Although the product does not need any software to function, the company does supply a handy interface, KeyGhost Renderer, which is a software GUI to manage the device. It works with a USB to PS2 adaptor for PS2 models, and can download logs and present them in a more easily read format than the raw data you can retrieve direct into a text file.
It also offers some configuration options, such as setting the time and date and changing the current password, as well as the ability to erase the logger. More importantly, its ability to display keystrokes is vastly improved, with a number of options over how to display them.
For example, where backspace characters usually show as ‘’ in the text, the Renderer has the option to simply update the text: remove the character to the left and not show the backspace event.
This seems like a no-brainer, but bear in mind that backspace keys are used for more than deleting text: web browsers use it to navigate back a page too.
This will apply to other keys, so we found ourselves liking the legibility of the KeyGhost Renderer, but preferring the full-blown text display for serious investigation.

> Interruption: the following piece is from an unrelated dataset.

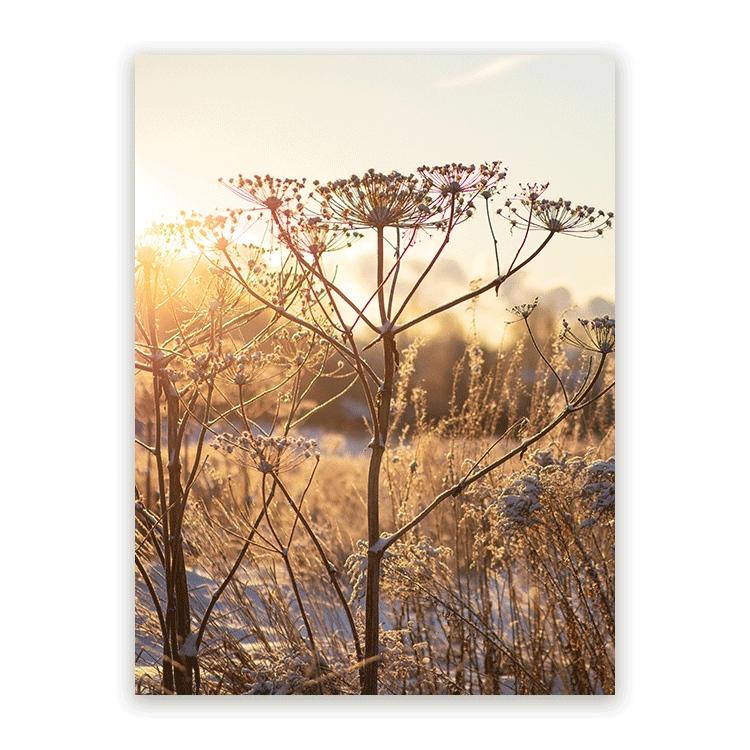 Schilderij Droogplanten in Winterzon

The Renderer can also save the log to a local file, and write a separate file with a SHA1 hash of the log. A program confirms that the log matches the hash.
If you are a security investigator needing a software-invisible keylogging solution, these are highly recommended. If you are a security admin worried about loggers, then we are afraid we have little to offer until TCG-style encrypted keyboard connections are possible. We could find no way to detect or prevent their presence aside for hoping someone happens to notice something out of the ordinary.